[WHAT IS NEEDED] The answer should hold every line of the listing, unchanged and free of images.

[SUPPLIED MATERIAL]
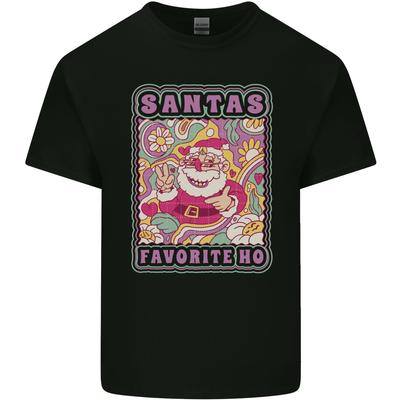 Santas Favourite HO Funny Hippy Trippy Christmas Unisexs Light Cotton TShirt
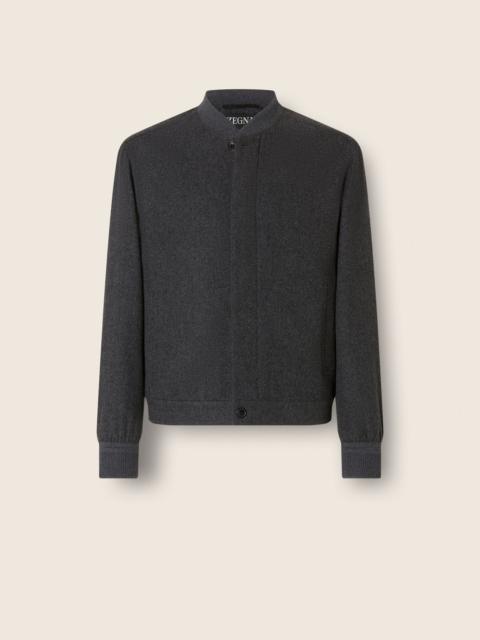 ZEGNA DARK GREY MULTIMÉLANGE OASI CASHMERE ELEMENTS BOMBER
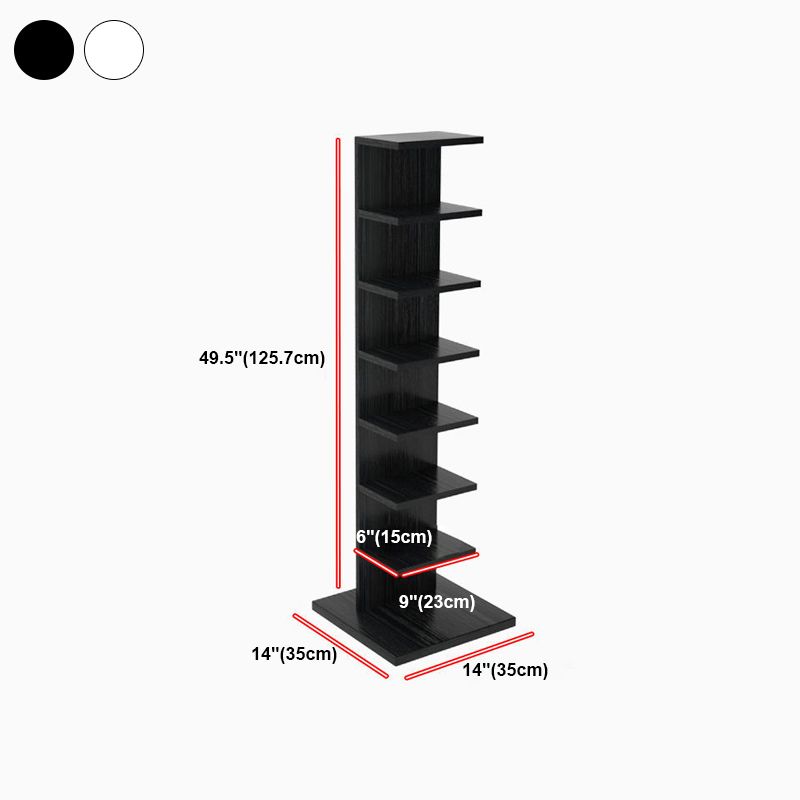 Contemporary Corner Closed Back Bookshelf Manufactured Wood Frame and Shelf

[SOLUTION TO THIS PROBLEM]
 Santas Favourite HO Funny Hippy Trippy Christmas Unisexs Light Cotton TShirt
 ZEGNA DARK GREY MULTIMÉLANGE OASI CASHMERE ELEMENTS BOMBER
 Contemporary Corner Closed Back Bookshelf Manufactured Wood Frame and Shelf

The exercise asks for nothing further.